Rorate Caeli

"Meditations on Death" – Part 4 : A Lenten Series by Father Konrad zu Loewenstein

Part 4
A Lenten Guest Series by 
Father Konrad zu Loewenstein 

4.    THE  FOLLY OF THE SINNER

‘The number of fools is infinite’ (Eccl 1.15)

The men of the world are fools, but they have the temerity to call themselves prudent and wise, and the faithful Christians fools. They mock their child-like faith, their prayers and mortifications, their embracing contempt, poverty, solitude, humility, and the hidden life. They never reflect that the Lord has called the wisdom of this world folly (1 Cor 3.19).

St. Bernard saw a vision of four classes of fools all with a great thirst for happiness, and trying to quench it with earth, air, fire, or water: earth for possessions; air for empty honours; fire for passions and revenge; and fetid water for voluptuous and unchaste pleasures. Such are the desires of the men of the world: such are the desires around which their prudence and wisdom revolve: desires both irrational and insatiable: ‘The possession of great wealth’ says St. Augustine, ‘does not close, but rather extends, the jaws of avarice’, and similarly for honours; the more that the unchaste man wallows in the more of impurity the greater his disgust and the greater his desire; and similarly for all the other passions.

But God has created our heart for Him, and for Him alone, and for that reason only the possession of God can make us happy, and only He can give us true peace. Brute animals were made for sensual pleasure, and in that they find their peace, but man is made for God. ‘Soul, thou hast many goods laid up for many years’ says the man in the parable (Lk 12.19), ‘Take thy rest, eat, drink, and be merry!’ Wretched fool! Says St.

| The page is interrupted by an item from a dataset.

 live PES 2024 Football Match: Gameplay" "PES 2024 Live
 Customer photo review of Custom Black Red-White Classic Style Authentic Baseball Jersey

Basil, ‘have you then the soul of a brute that you expect that to bring you happiness?’

For they seek happiness but never find it. ‘The goods of this earth do not enter the soul’, says St. Vincent Ferrier, ‘They are waters that do not penetrate the thirst’.‘Destruction and unhappiness in all their ways, and the way of peace they have not known’ (Ps 13.3). Rather, in their troubled quest for pleasure, and in the anguish of their guilty conscience ‘the wicked are like the raging sea that cannot rest’ (Is 57.20).

But in addition to all these earthly woes, they are preparing for themselves an incomparably greater misery for all eternity. What man would be so foolish to indulge in a forbidden pleasure, if to pay for it he had to have his hand burnt? Or if he could spend the whole year indulging himself, except for one day in which he would be tortured? Or if he could indulge himself for a whole life but in punishment he would have to be spend a year in a cold grave? But what they are amassing for themselves by their forbidden pleasures is not the pain of a moment, a day or a year, but for all Eternity.

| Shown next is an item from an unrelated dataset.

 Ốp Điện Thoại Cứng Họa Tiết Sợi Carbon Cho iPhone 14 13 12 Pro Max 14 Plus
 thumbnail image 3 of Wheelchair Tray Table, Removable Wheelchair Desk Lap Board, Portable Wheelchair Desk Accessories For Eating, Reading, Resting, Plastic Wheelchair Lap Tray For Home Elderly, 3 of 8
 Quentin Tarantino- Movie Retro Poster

Whence does their folly come? It comes from persevering in sin. Sin blinds the sinner, and the more he sins, the more it blinds him. God is light, so that the further the soul is from God, the blinder it is. A person before he sins, resists and combats temptation, at least for a little while, but after having contracted a bad habit, he instantly yields to every temptation.

St John Chrysostom says of habitual sinners that they despise corrections, sermons, censures Hell, and God: they despise everything, and resemble the vulture that waits to be killed by the fowler, rather than abandon the dead body on which they are feeding. On hearing sermons on the rigours of divine justice, on the pains of the damned, or on the Passion of Our Lord Jesus Christ, they remain unmoved, and listen to such words with indifference and boredom or even amusement, as if it did not concern them.

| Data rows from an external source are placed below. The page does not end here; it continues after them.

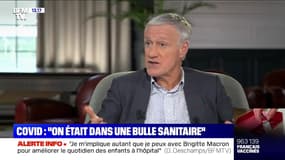 Didier Deschamps: "On a eu certains cas [de Covid-19] alors qu’on était dans une bulle sanitaire à Clairefontaine"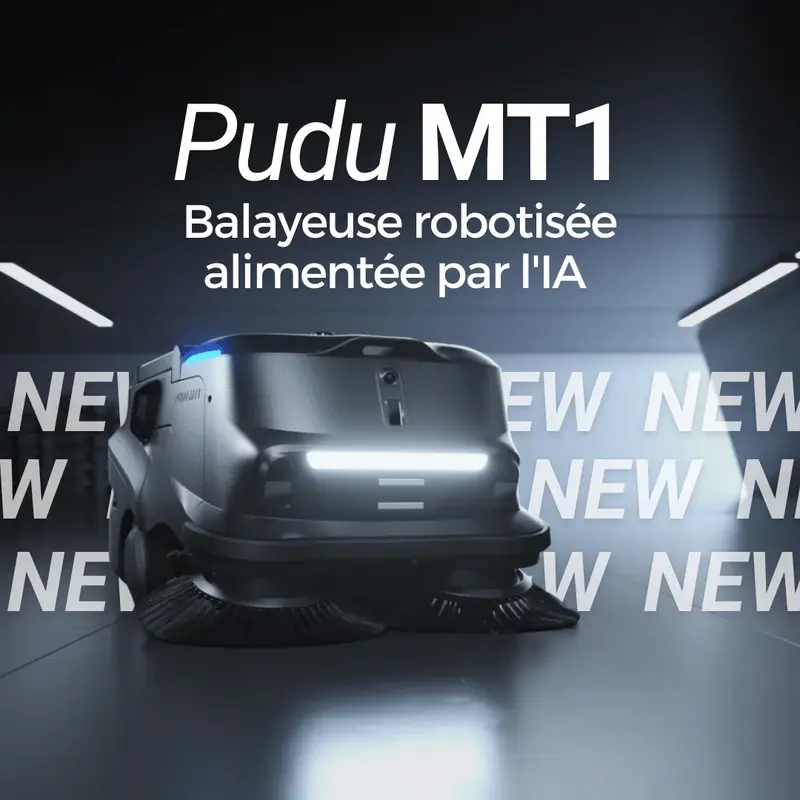 Pudu MT1 - La balayeuse robotisée pour des déchets v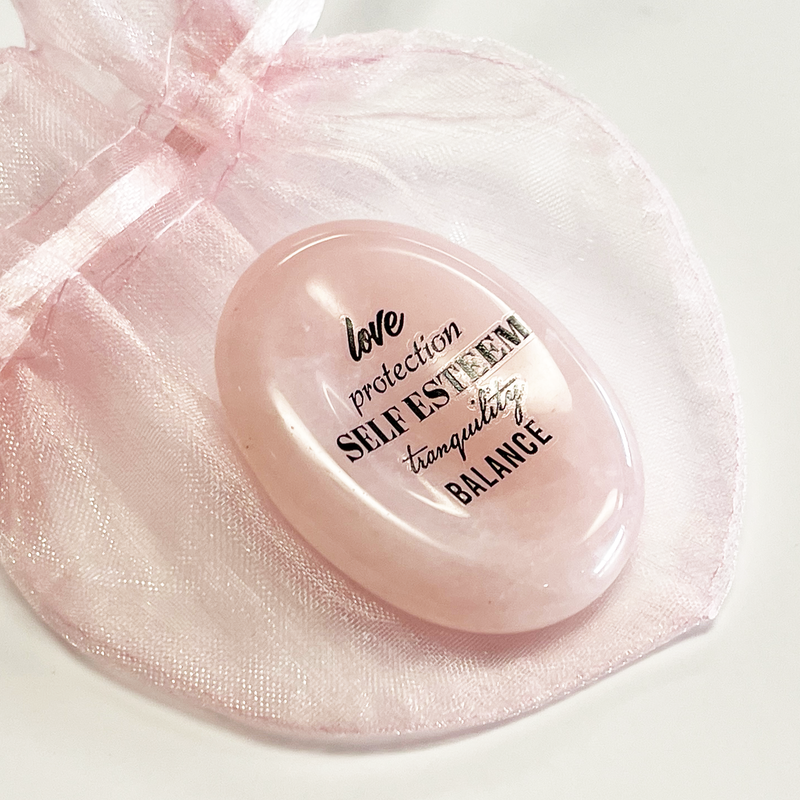 Show details for Love Rose Quartz Worry Stone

St. Jerome writes that they lose even the shame of committing sin. St Peter compares them to the swine that wallows in the mire (2 Peter 2. 22). And St. Bernadino comments: ‘What wonder is it that, after the more of sin has blinded him, he should not see his miserable condition, even when God scourges him for his iniquities.’ Instead of regretting them, he rejoices in his sins, he jokes of them and boasts of them. ‘He is glad that he has done evil’ (Prov 2.14); ‘the fool worketh mischief as for sport’ (Prov 10. 23).

Nothing touches the obdurate sinner: not disasters in the world nor in his family, not earthquakes nor thunder. The devil holds them in his grip, and like some-one who holds a bird on a cord, says St. Anselm: he lets it fly away, but whenever he pleases, he draws it back to earth. Habitual sin will rush upon him like a giant; it will oppress him like a huge stone (Lam 3.53) which, as St. Bernard says, makes it hard for him to rise.

But Our Lord calls: ‘Lazarus come forth!’ Respond at once to the call and rise from your death, form your sinful life. Give yourself to God! Tremble lest this should be His last call to you.

My God! Thou hast bestowed more favours on me than on others. And I have done Thee greater injuries than any other person that I know. O Sorrowful heart of my Redeemer, so much afflicted and tortured on the Cross at the sight of my sins: give me through Thy merits a lively sense of my faults, and a lively sorrow for them. Infuse into my heart Thy Holy Love. Amen.